- Born: February 13, 1987 (age 39) Stuttgart, West Germany
- Other names: Mergen
- Nationality: German
- Height: 5 ft 4 in (163 cm)
- Weight: 125 lb (57 kg; 8 st 13 lb)
- Division: Bantamweight
- Style: Muay Thai
- Fighting out of: Stuttgart, Germany
- Team: Kwan Gym

Kickboxing record
- Total: 57
- Wins: 43
- By knockout: 15
- Losses: 13
- By knockout: 2
- Draws: 1

Other information
- Boxing record from BoxRec

= Meryem Uslu =

German kickboxer (born 1987)

Meryem Uslu (born 13 February 1987) is a German female kickboxer who has fought for the Glory kickboxing title against Tiffany van Soest. She is the former Wu Lin Feng World 55 kg champion.

==Kickboxing career==
In 2012 Uslu fought Lucy Payne for the KORE MMA Bantamweight Muay thai title. Payne defended the title by a unanimous decision. Later in the year, she fought Caley Reece for the WMC Women's World Featherweight Championship. Reece won the fight by unanimous decision. She also challenged Kim Dewulf for the IMC Muay Thai World title. Uslu won by unanimous decision.

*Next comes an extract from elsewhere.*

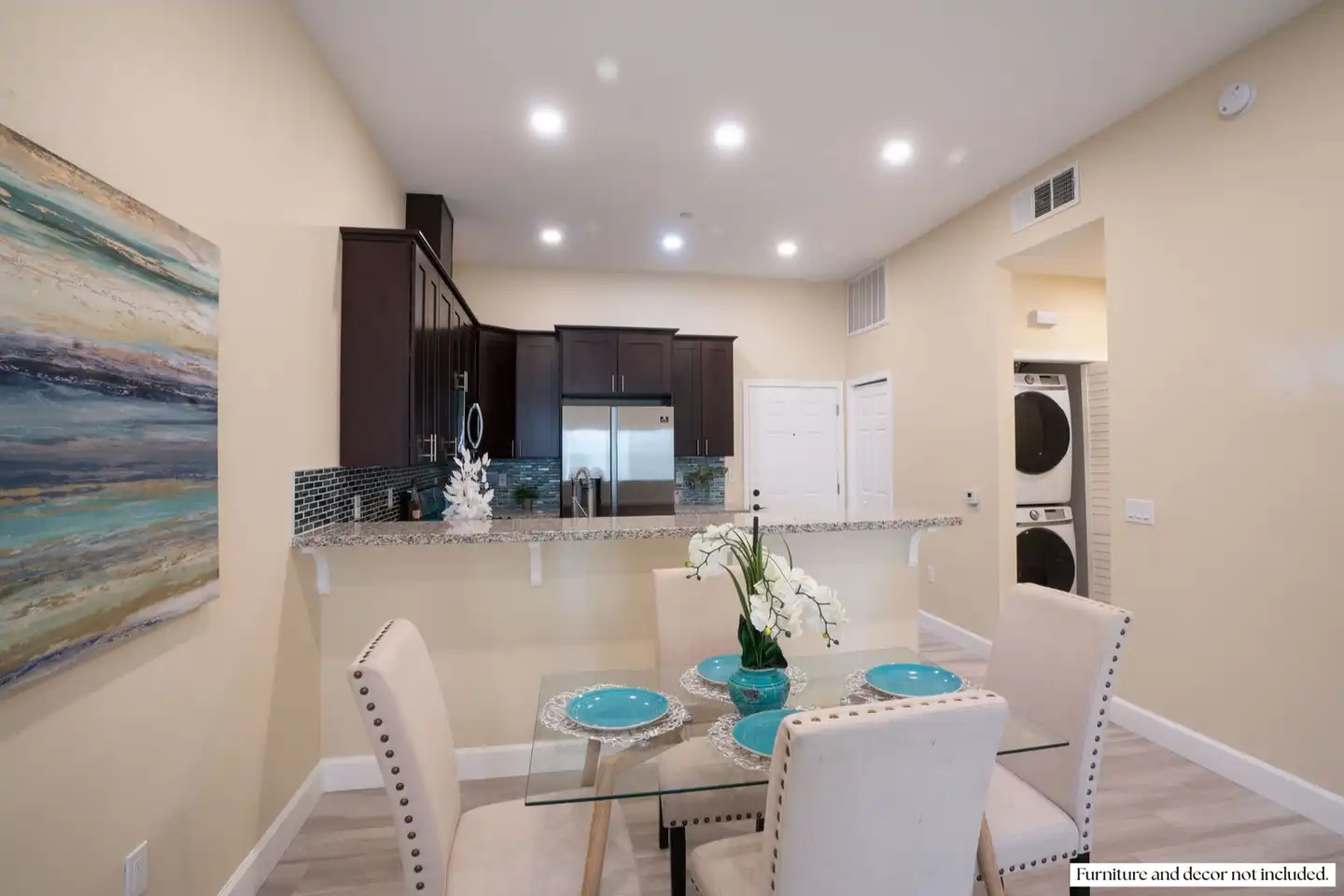 2291 Dunlop St unit 2291-20 photo 4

In 2014 she fought Yang Yang for the Wu Lin Feng 55 kg title. Uslu won the title by a unanimous decision. In her next fight she fought Carol Earl for the WKF World 54.5 kg title. Uslu won the fight by unanimous decision. Uslu entered the Enfusion Season 5 Tournament, but lost to Marina Zueva in the first round.

Uslu made her first title defense of the Wu Lin Feng title against Xu Zhurong during Day of Destruction 10, and won a unanimous decision.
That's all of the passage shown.